## What needs to be done
In the material below, find the line with "45 Seminole Drive, Warwick, NY 10990" and the line with "Spacious Comfy Clean". Output exactly those two lines and all lines between them, leaving out pictures.

## Task data

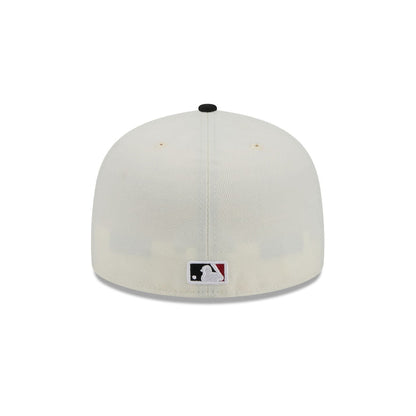 https://cdn.shopify.com/s/files/1/0601/2554/4675/files/60439151_59FIFTY_5950EGCHWOTCOTC_ARIDIA_CHW_R.jpg?v=1713795117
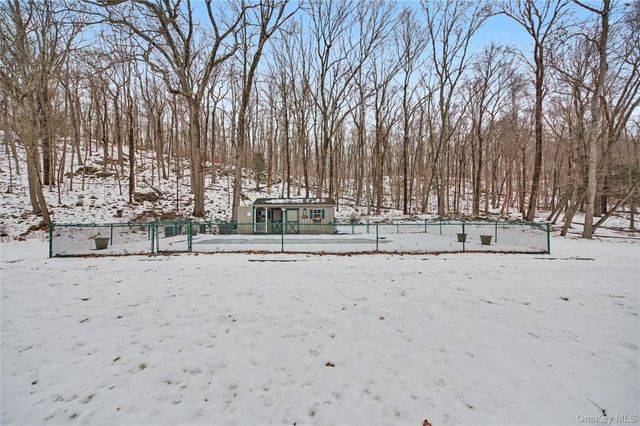 45 Seminole Drive, Warwick, NY 10990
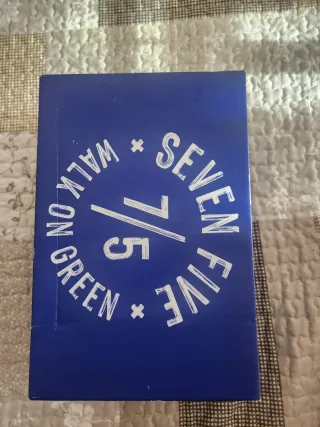 Zapatillas deportivas grises y rojas talla 38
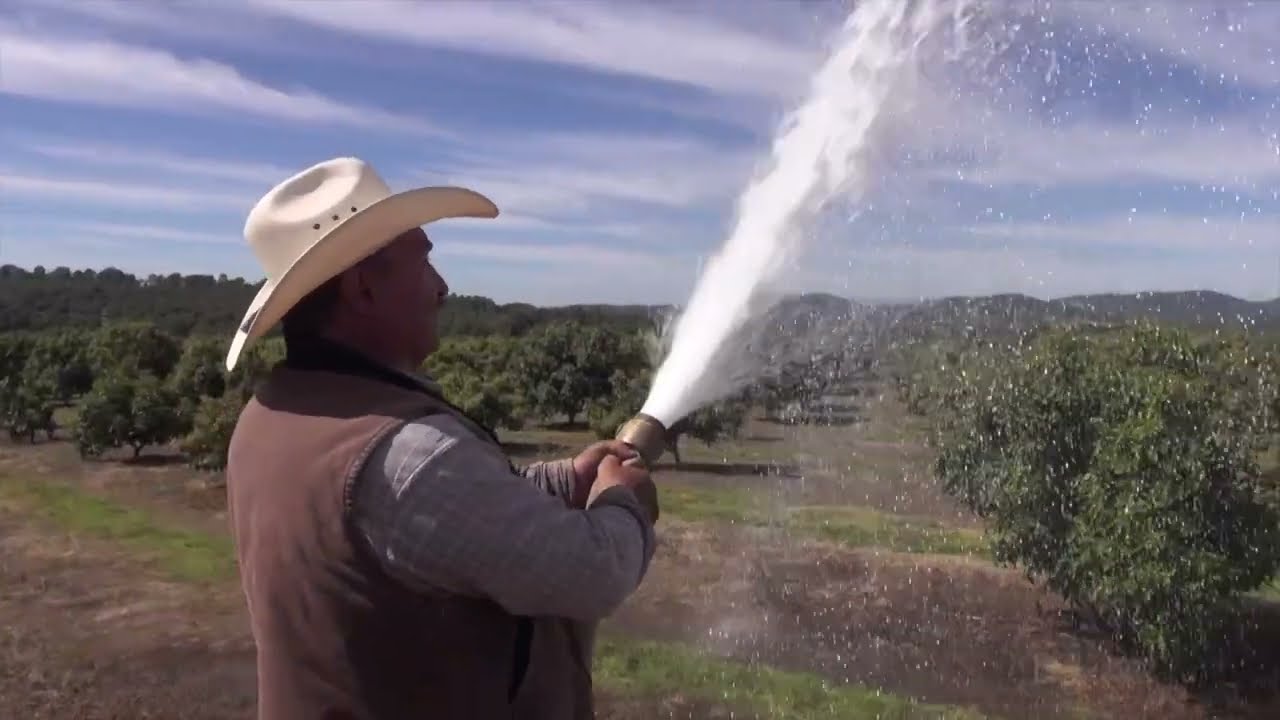 BOMBEO DE AGUA POR MEDIO DE ENERGIA SOLAR 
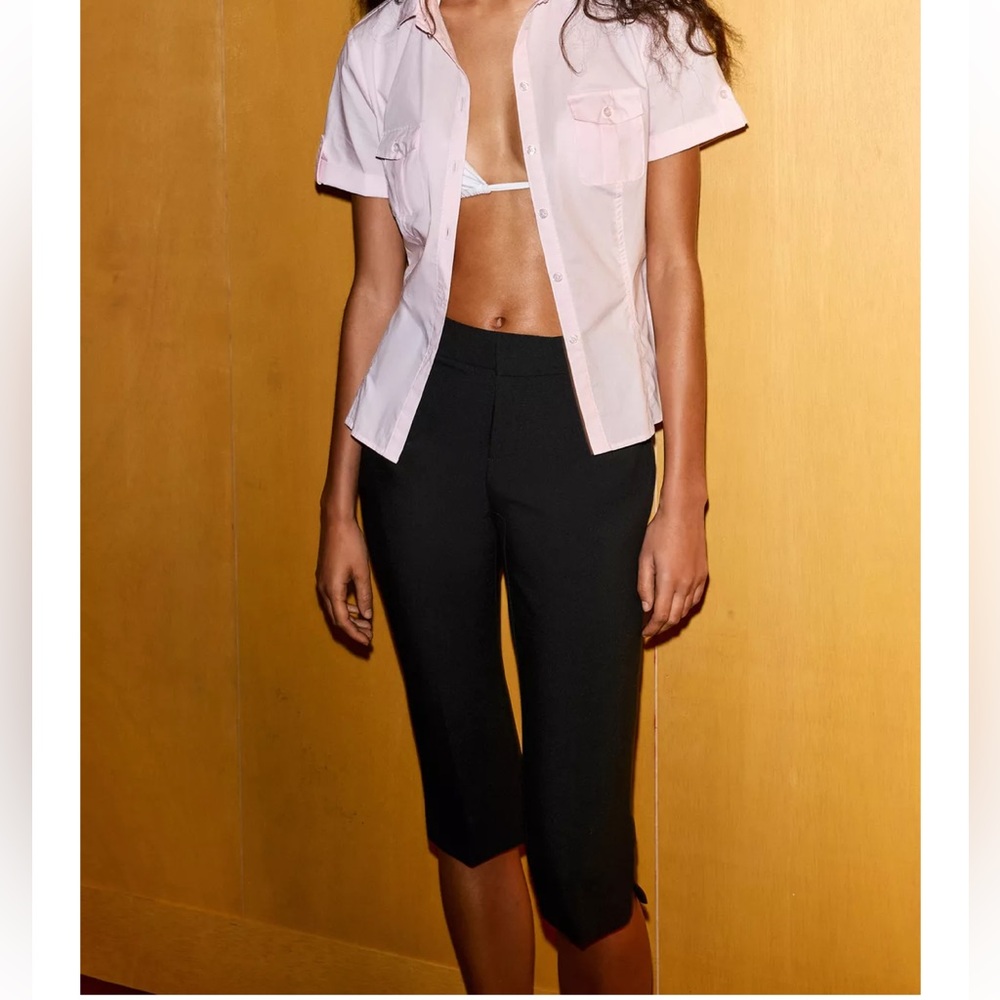 Women’s Black Capri Pant!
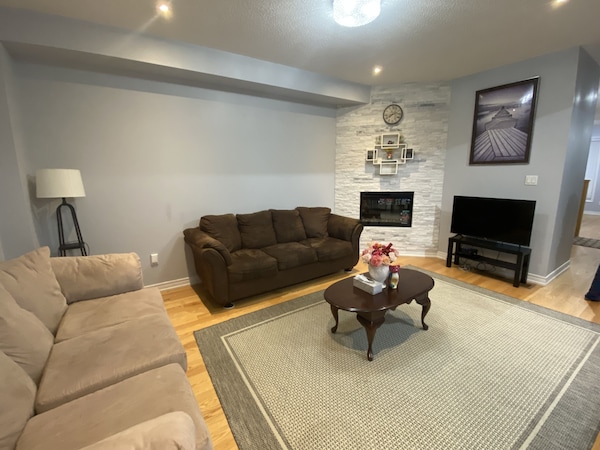 Spacious Comfy Clean Family-friendly Home In A Quiet Neighborhood In Markham! - Markham, Canada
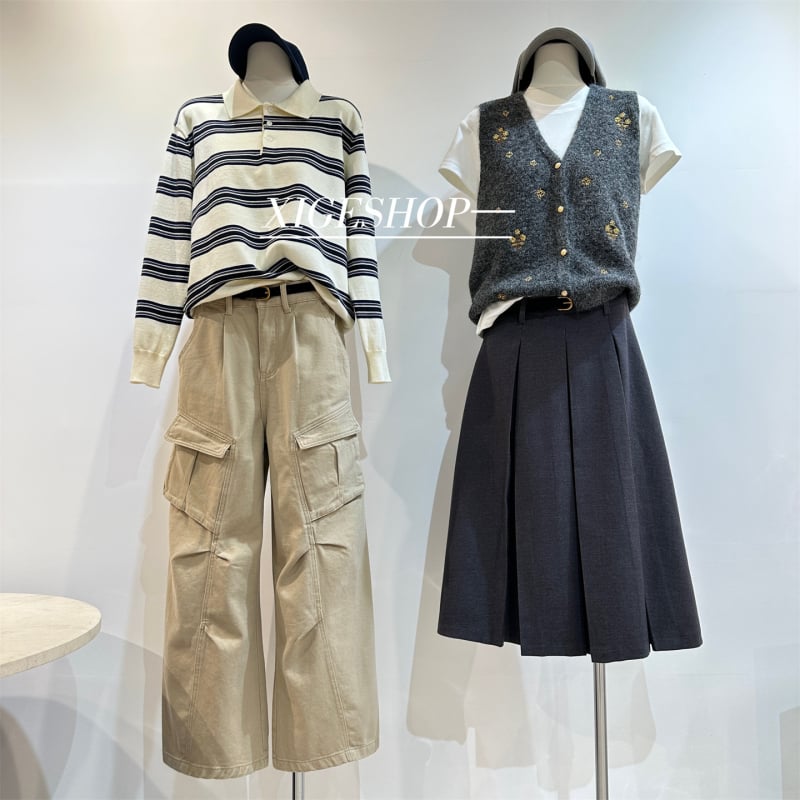 V-izrez liemenog prsluka, pleteni poliester, uzorak biljaka i cvijeća, slobodan kroj, obična duljina, japansko-korejski ležerni stil, jesen 2025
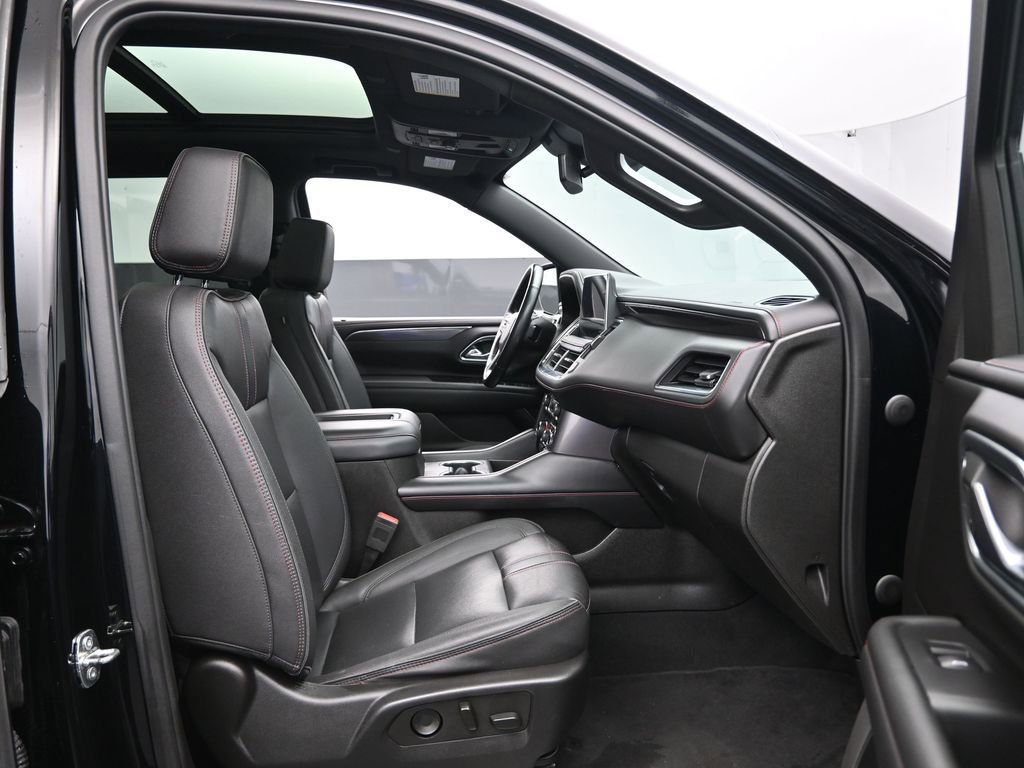 Used 2023 Chevrolet Tahoe RST w/ Luxury Package AWD/4WD image 32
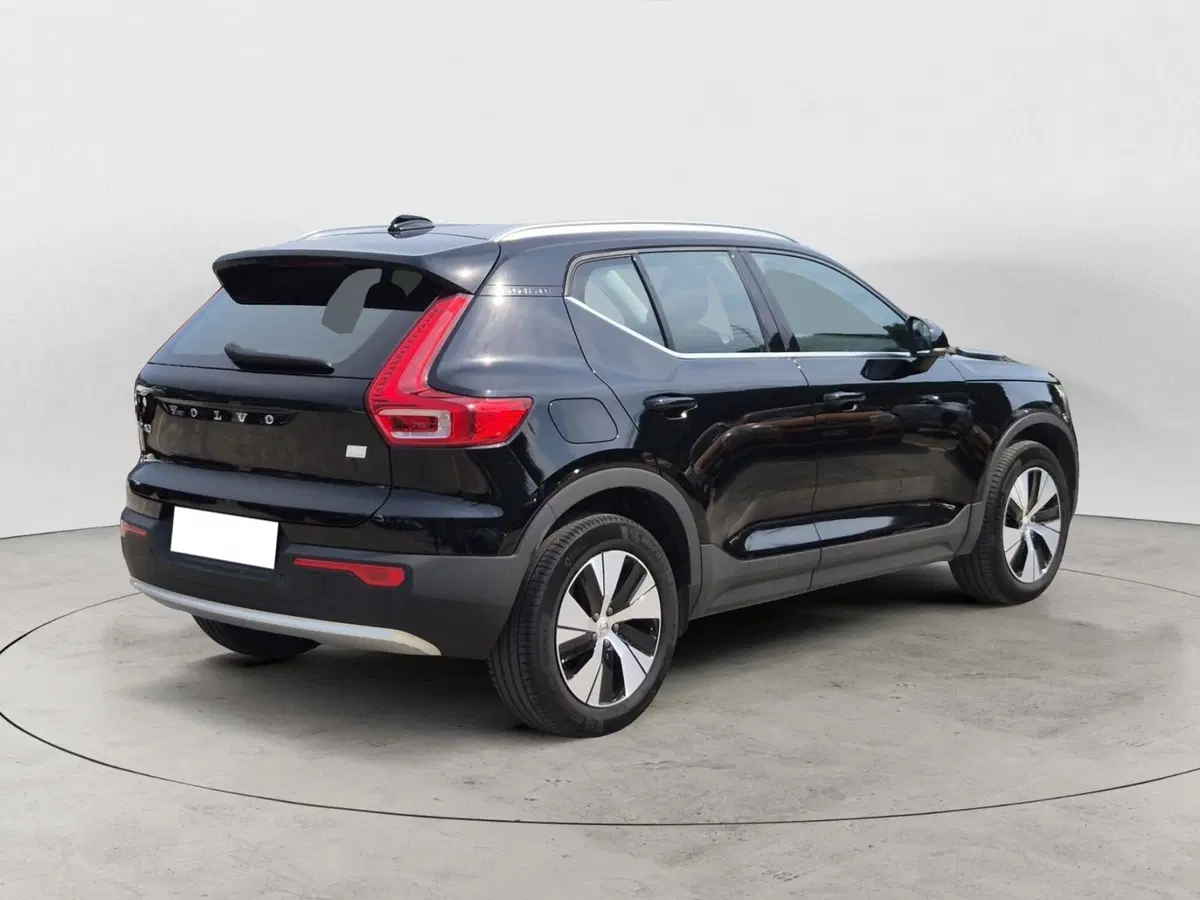 Volvo XC40 usata  (4)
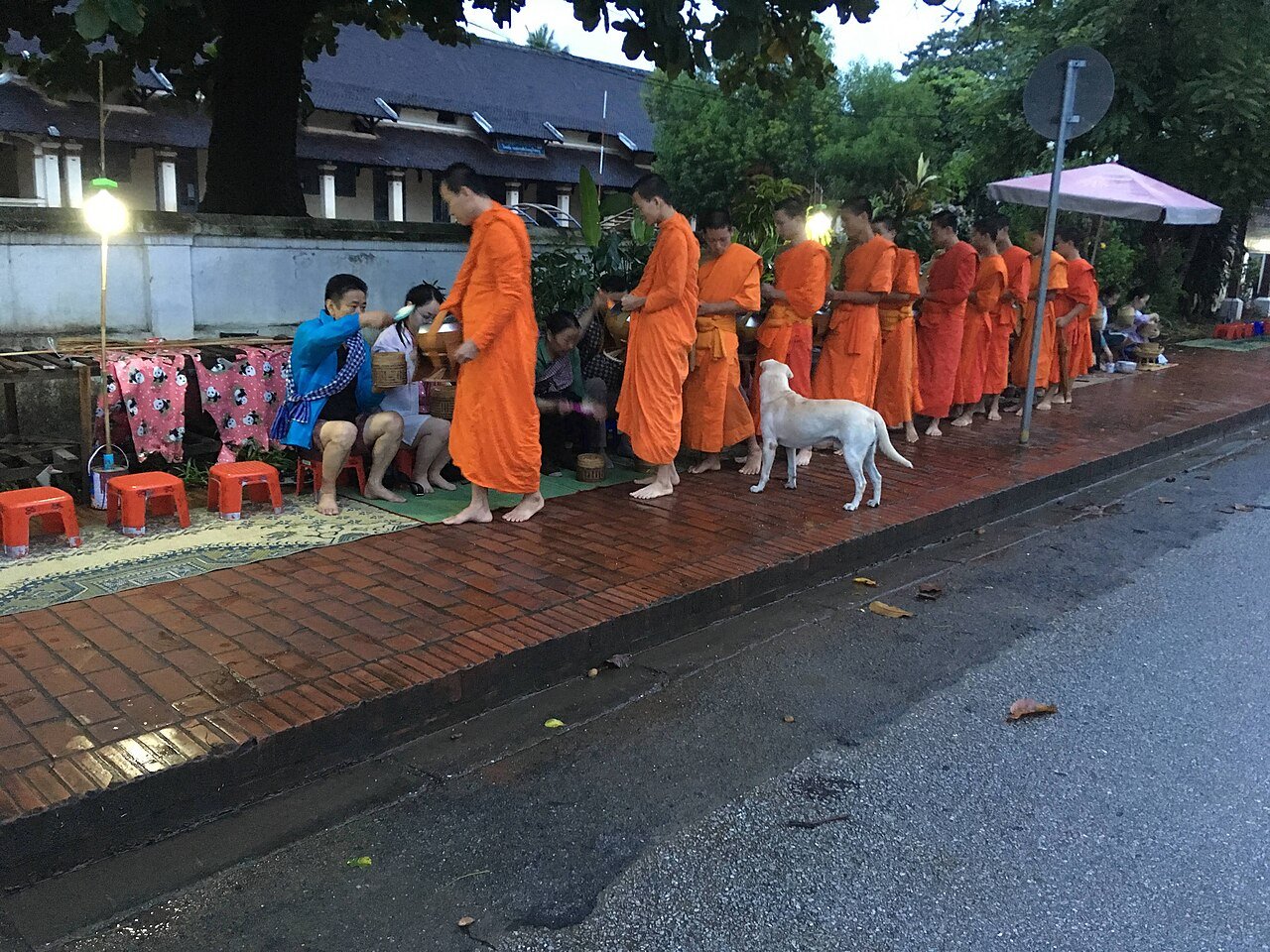 ตักบาตรวันสำคัญ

## Answer to this exercise
 45 Seminole Drive, Warwick, NY 10990
 Zapatillas deportivas grises y rojas talla 38
 BOMBEO DE AGUA POR MEDIO DE ENERGIA SOLAR 
 Women’s Black Capri Pant!
 Spacious Comfy Clean Family-friendly Home In A Quiet Neighborhood In Markham! - Markham, Canada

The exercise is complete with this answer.